Items from a dataset:
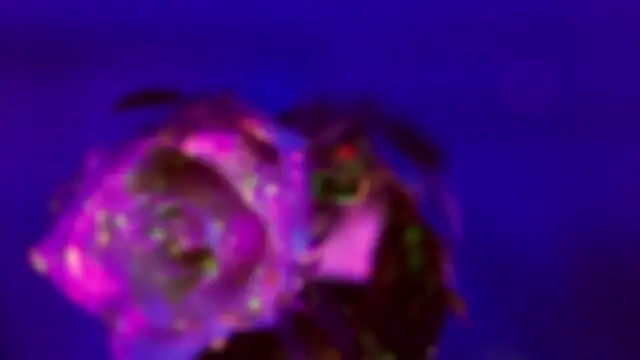 Snapshot of HeyBananas chatting on January 18, 2026, 7:28 pm HeyBananas online show from January 18, 2026, 7:28 pm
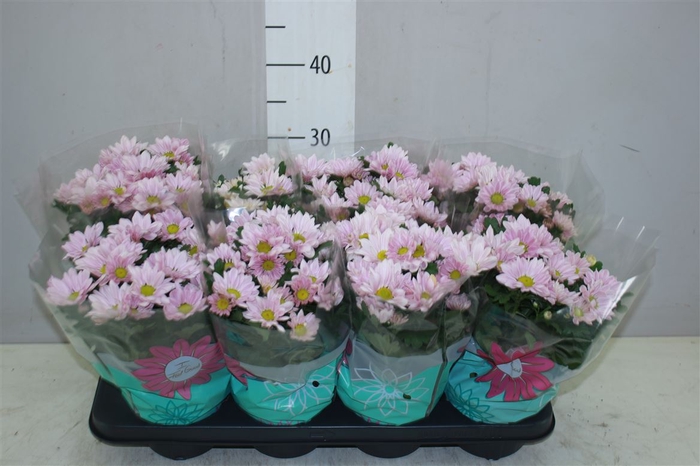 <h4>Chrysanth Blossom Time</h4>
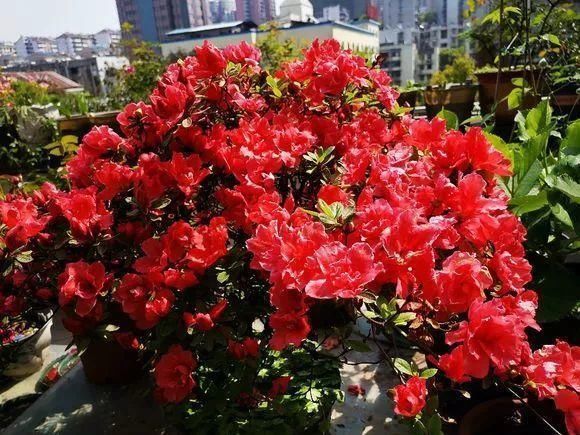 盆栽|夏天别买4种花,一拿回家就“掉花苞”,搞不好还烂根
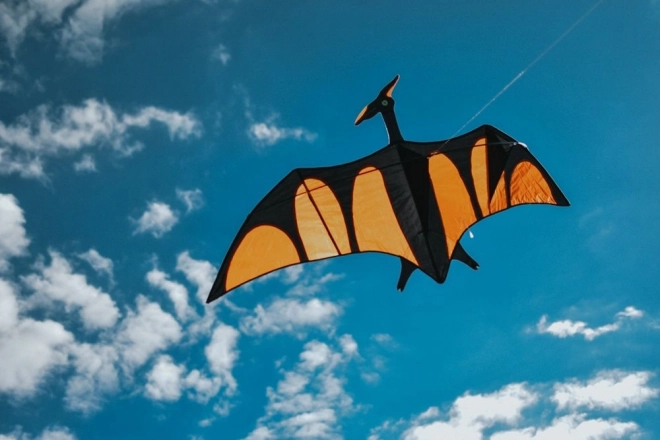 Létající drak Pterodaktyl 170 x 90 cm
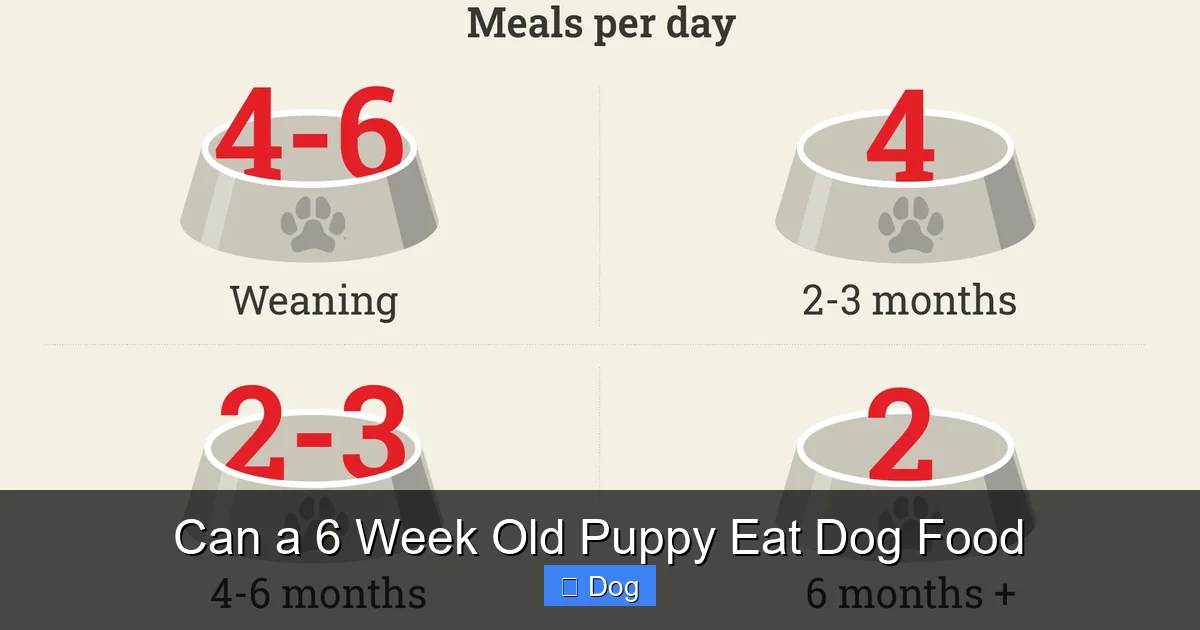 Can a 6 Week Old Puppy Eat Dog Food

# GOAL OF THE EXERCISE
Leaving the pictures out, copy exactly the lines from the line that contains "Létající drak Pterodaktyl 170 x 90 cm" to the last line of the data, both ends included.

# FINAL ANSWER
 Létající drak Pterodaktyl 170 x 90 cm
 Can a 6 Week Old Puppy Eat Dog Food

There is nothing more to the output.